Proactive systems anticipate the user's intentions and actions, and utilize the predictions to provide more natural and efficient user interfaces. Successful proactive systems are based on generalization from past experience in similar contexts using multimodal observations. Generalization requires suitable powerful stochastic models and a collection of data about relevant past history to learn the models. Evidence about users' intentions is collected both from explicit actions and implicit gaze patterns and other biofeedback signals.
|
An important part of a proactive system to be able to infer interests of the user. We study possibilities to extract relevant information from implicit gaze patterns, measured with modern eye-tracking equipment. During complex tasks, such as reading, attention approximately lies on the location of the reader's gaze. Therefore eye movements should contain information, although very noisy, on the reader's interests.
|
|
|
In image retrieval tasks, we use eye movements as implicit relevance feedback for images or for parts of images. Gaze-based inference of relevance approaches can complement or replace explicit feedback in content-based image search. Our work has demonstrated that gaze provides useful information also for media types that are less structured than text.
|
|
|
Contextual information interfaces provide access to information that is relevant in the current context.
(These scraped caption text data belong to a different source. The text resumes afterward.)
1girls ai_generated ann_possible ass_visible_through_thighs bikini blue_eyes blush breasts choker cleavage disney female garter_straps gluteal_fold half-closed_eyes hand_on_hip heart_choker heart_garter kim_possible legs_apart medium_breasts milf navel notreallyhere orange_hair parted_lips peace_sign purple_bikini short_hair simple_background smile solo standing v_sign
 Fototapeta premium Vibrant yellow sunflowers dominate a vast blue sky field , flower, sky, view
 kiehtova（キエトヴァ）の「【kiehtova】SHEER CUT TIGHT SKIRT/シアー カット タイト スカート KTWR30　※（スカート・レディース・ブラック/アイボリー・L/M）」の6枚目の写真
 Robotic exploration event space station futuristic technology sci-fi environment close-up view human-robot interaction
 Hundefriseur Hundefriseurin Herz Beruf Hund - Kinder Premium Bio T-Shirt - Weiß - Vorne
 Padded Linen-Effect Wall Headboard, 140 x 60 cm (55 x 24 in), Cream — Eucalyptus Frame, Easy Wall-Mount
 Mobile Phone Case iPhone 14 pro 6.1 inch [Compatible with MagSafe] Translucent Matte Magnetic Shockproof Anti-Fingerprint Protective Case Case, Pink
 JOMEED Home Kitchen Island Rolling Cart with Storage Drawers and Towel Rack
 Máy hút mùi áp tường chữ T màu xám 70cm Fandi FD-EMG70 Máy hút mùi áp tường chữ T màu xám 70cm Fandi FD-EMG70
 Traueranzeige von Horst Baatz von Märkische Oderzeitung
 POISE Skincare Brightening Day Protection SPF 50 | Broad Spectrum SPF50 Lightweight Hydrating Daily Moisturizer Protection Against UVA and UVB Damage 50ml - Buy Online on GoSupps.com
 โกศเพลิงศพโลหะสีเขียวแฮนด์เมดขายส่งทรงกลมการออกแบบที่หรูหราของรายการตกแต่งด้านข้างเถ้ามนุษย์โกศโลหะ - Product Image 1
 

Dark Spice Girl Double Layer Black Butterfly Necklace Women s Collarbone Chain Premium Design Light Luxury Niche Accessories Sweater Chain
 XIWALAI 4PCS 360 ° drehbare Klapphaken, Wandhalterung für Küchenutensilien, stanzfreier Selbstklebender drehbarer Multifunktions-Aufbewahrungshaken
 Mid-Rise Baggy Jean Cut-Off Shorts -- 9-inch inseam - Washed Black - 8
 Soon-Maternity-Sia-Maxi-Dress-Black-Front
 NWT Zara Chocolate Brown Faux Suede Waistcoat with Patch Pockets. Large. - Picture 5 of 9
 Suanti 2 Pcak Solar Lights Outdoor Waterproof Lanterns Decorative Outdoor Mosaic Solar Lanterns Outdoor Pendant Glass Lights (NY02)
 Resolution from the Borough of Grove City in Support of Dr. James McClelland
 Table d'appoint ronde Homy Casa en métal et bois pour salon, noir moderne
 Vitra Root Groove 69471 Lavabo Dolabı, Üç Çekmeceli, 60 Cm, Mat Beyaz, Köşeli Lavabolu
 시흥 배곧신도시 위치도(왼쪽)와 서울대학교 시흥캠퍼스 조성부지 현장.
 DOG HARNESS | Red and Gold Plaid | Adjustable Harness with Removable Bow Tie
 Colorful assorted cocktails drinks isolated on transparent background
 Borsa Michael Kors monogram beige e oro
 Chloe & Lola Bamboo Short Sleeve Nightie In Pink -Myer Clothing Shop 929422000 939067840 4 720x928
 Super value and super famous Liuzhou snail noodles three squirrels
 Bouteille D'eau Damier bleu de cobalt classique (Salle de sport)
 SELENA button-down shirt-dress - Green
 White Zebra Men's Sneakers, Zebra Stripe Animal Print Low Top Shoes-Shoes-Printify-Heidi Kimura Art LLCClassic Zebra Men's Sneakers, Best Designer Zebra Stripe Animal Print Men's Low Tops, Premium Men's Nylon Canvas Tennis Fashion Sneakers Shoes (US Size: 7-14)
They use sensory signals, such as gaze patterns, to track the user's foci of interest and what is relevant in the current context, and to predict what kind of information the user would need at the present time. The information is retrieved from databases and presented in a non-intrusive manner. Main challenges are extraction of context from visual and sensory data, construction of adaptive machine learning models that are able to utilize heterogeneous context cues to predict relevance. Novel statistical machine learning methods are used for multimodal contextual information retrieval.
|
|
|
Being aware of the user's emotional and mental state could deliver new opportunities for implementing proactivity. To this end, and an interesting problem in its own right, we are working on statistical models for inferring the cognitive state of the user from physiological state of the user that is measured by several nonobtrusive sensors such as an accelerometer attached to the nape, or an eye tracker embedded to the monitor.